Abstract: Advanced probabilistic programming languages (PPLs) using hybrid particle filtering combine symbolic exact
inference and Monte Carlo methods to improve inference performance. These systems use heuristics to
partition random variables within the program into variables that are encoded symbolically and variables
that are encoded with sampled values, and the heuristics are not necessarily aligned with the developer’s
performance evaluation metrics. In this work, we present inference plans, a programming interface that enables
developers to control the partitioning of random variables during hybrid particle filtering. We further present
Siren, a new PPL that enables developers to use annotations to specify inference plans the inference system
must implement.

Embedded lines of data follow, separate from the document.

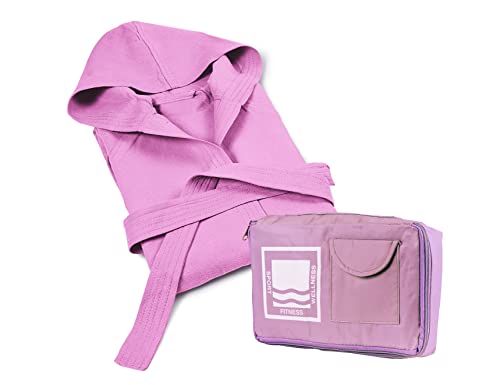 Banzaii Bademantel aus 100% Mikrofaser mit Kapuze - Bademantel für Damen und Herren mit Tasche strapazierfähig und platzsparend - Größe L Lila von BANZAII TEXTILE INNOVATOR ONLINE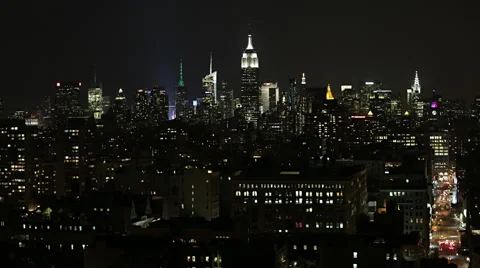 View of Empire State Building and skyline Stock-Footage 53777488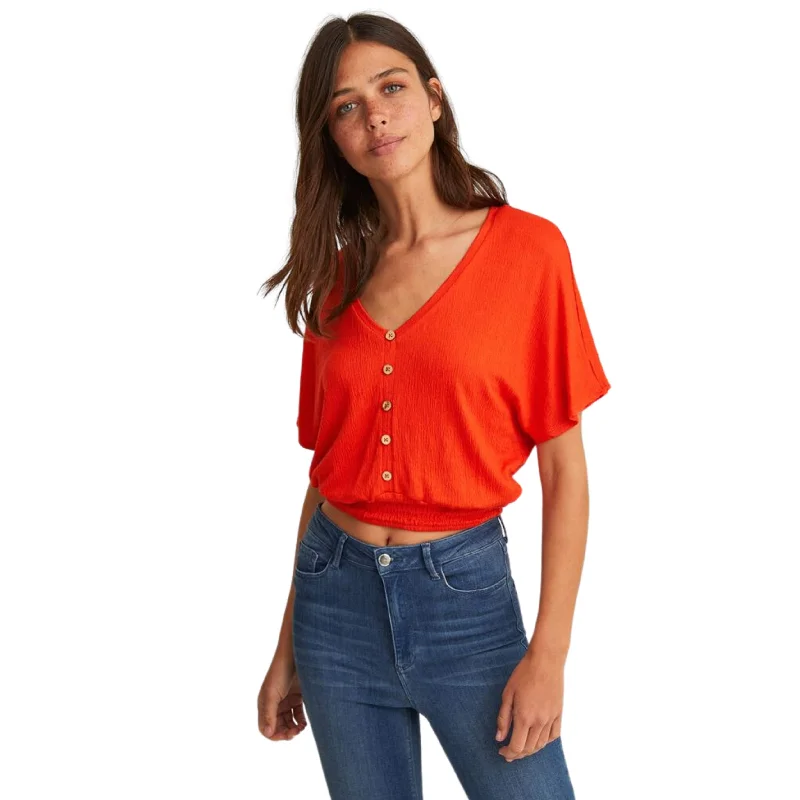 OXXO - Elastic Waist Crop Blouse Ruffled Neck Blouse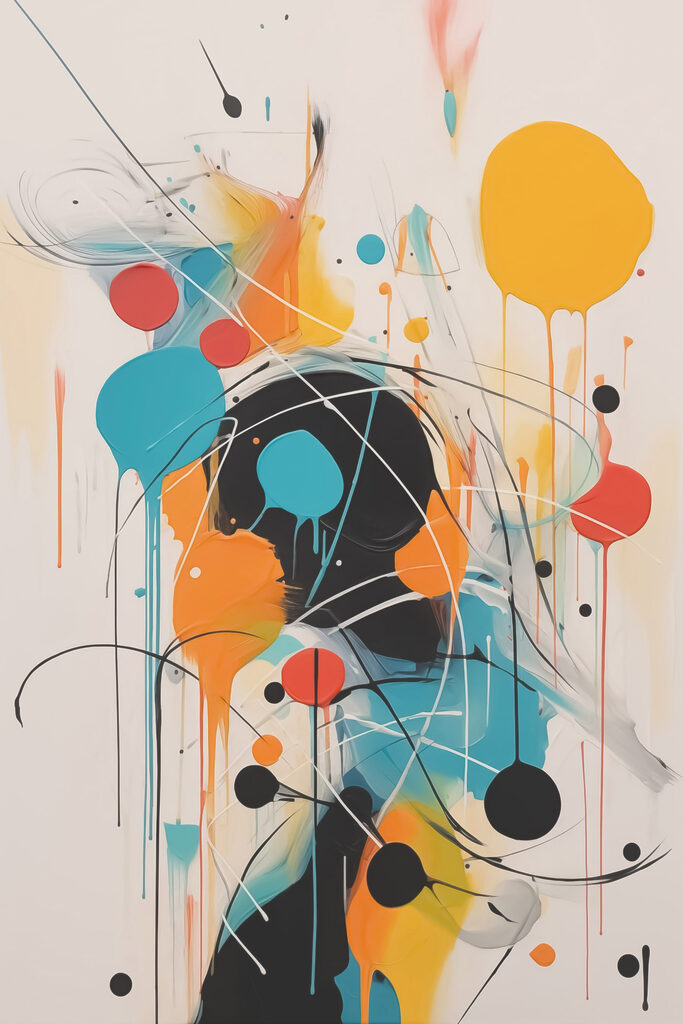 Painting of colorful circles and lines Painting of colorful circles and lines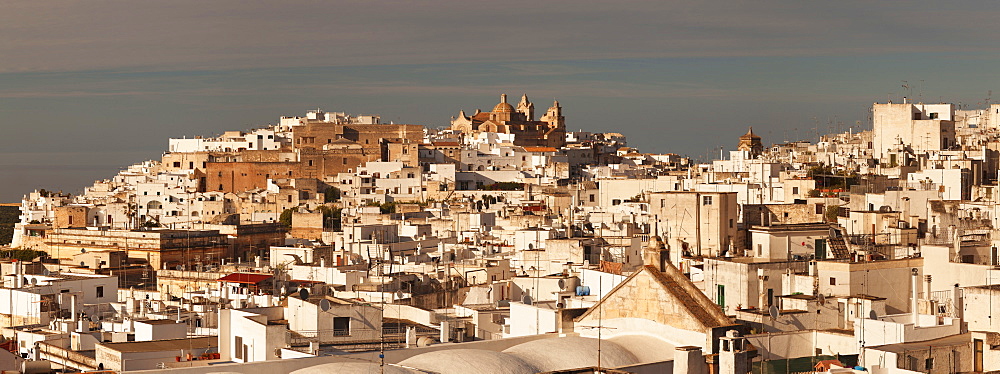 View of Ostuni and cathedral, Valle d'Itria, Bari district, Puglia, Italy, Europe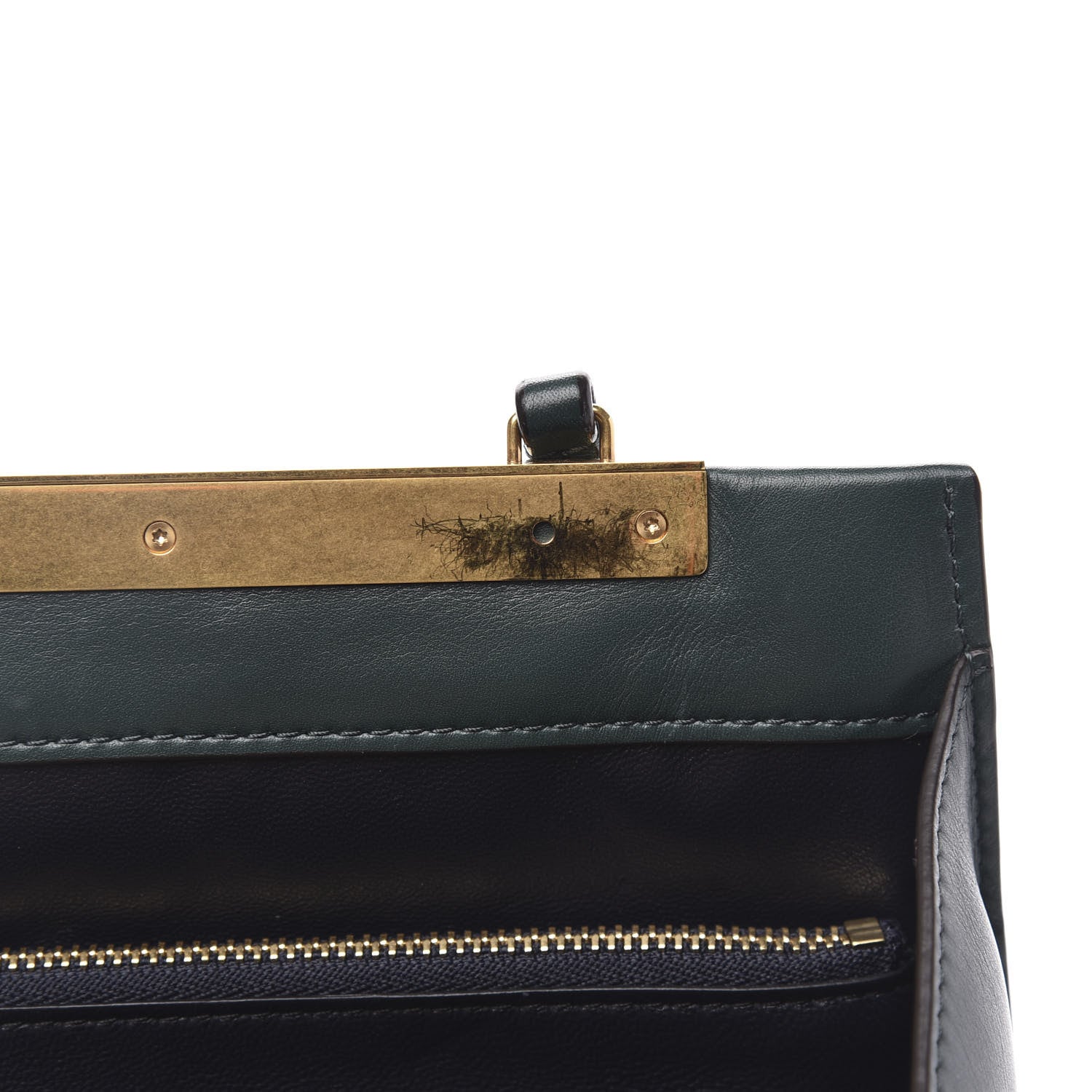 Celine Smooth Calfskin Medium Clasp Shoulder Bag Forest 10 of 10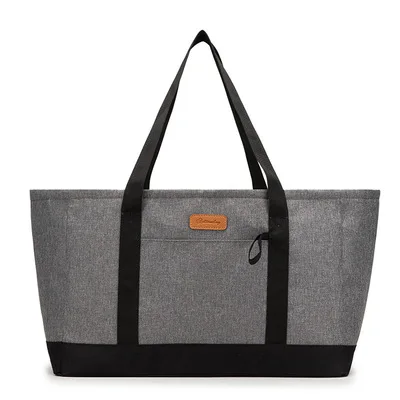 Korean Canvas Picnic Beach Cooler Tote Bag with cooler pocket,tote cooler bags cream,tote bag with detachable beach cooler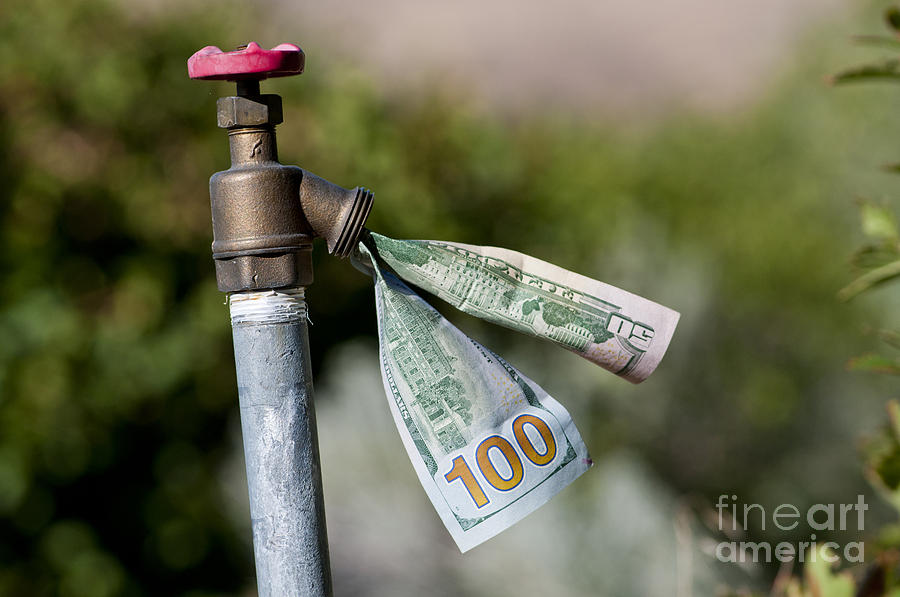 Water Spigot With Money Flowing Out Photograph by William H. Mullins
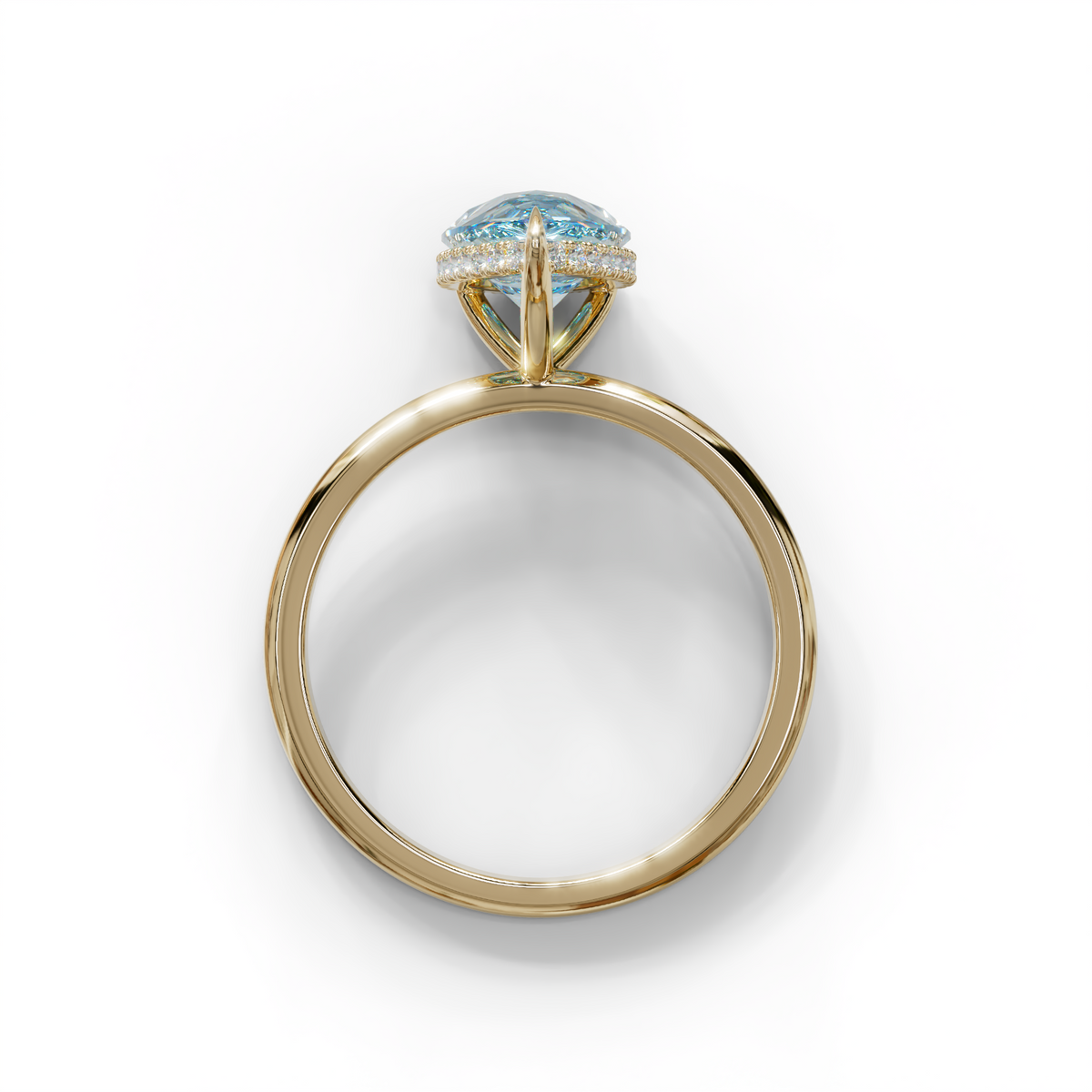 3.5 Carat Blue Pear Cut Hidden Halo Lab Grown Diamond Ring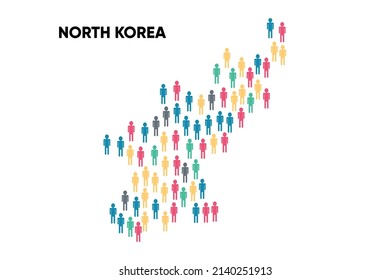 North Korea Map made by a group of people, Population. Globalization. People from different countries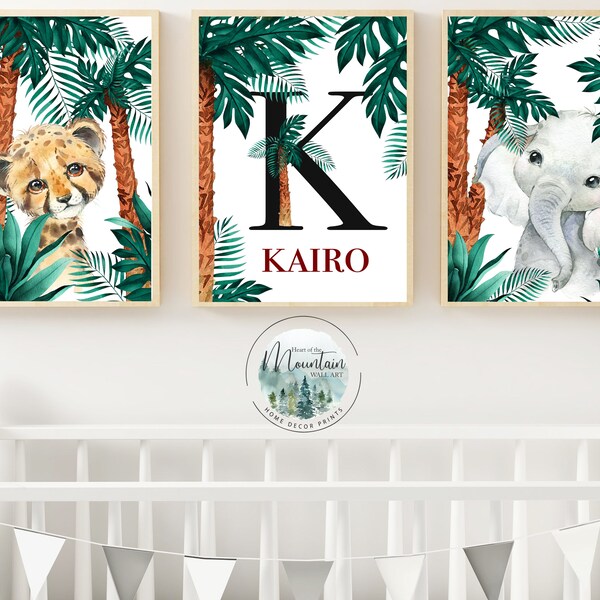 Printed tribal Safari  nursery name, boys Nursery wall prints, Safari animal nursery prints, Animal nursery wall art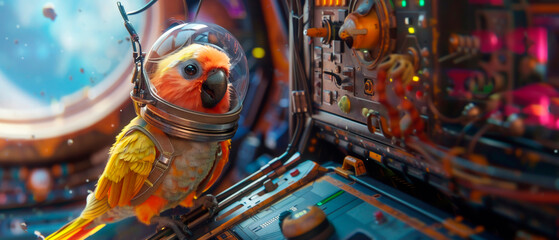 a parrot or perched on a spaceship control panel wearing a tiny space helmet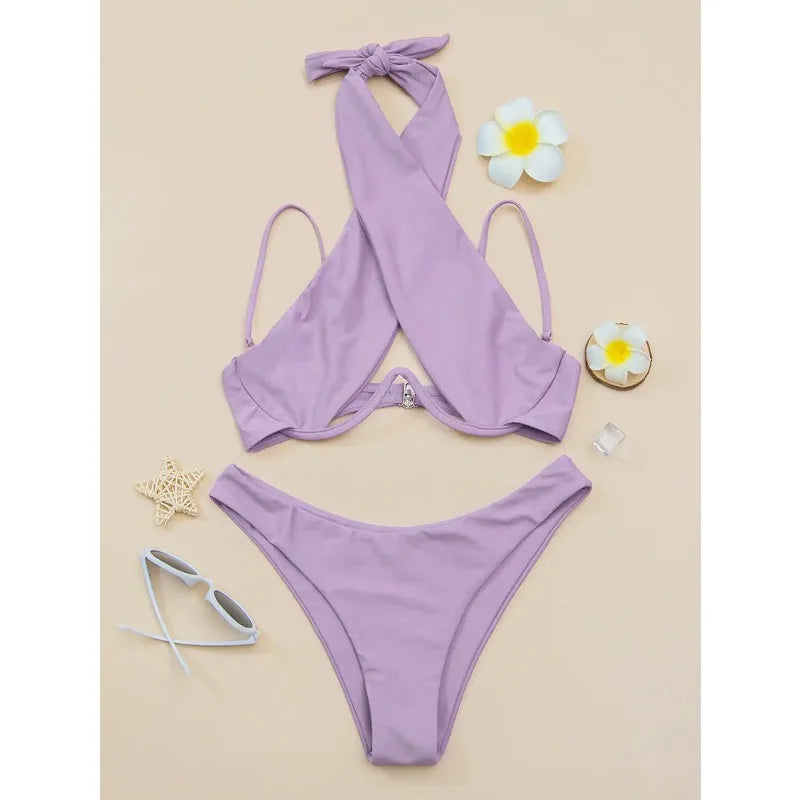 Sexy Bikini Women Cross Halter Underwire Swimsuit Split Push Up Bikini Set Female Bathers Swimming Summer Beachwear Bathing Suit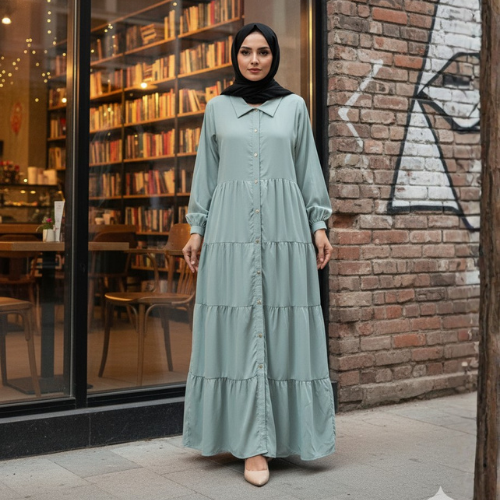 Urban Chic: Sage Green Tiered Abaya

To assist developers with statically reasoning about whether an inference plan can be
implemented, we present an abstract-interpretation-based static analysis for Siren for determining inference
plan satisfiability. We prove the analysis is sound with respect to Siren’s semantics. Our evaluation applies
inference plans to three different hybrid particle filtering algorithms on a suite of benchmarks. It shows that
the control provided by inference plans enables speed ups of 1.76x on average and up to 206x to reach a
target accuracy, compared to the inference plans implemented by default heuristics; the results also show that
inference plans improve accuracy by 1.83x on average and up to 595x with less or equal runtime, compared
to the default inference plans. We further show that our static analysis is precise in practice, identifying all
satisfiable inference plans in 27 out of the 33 benchmark-algorithm evaluation settings.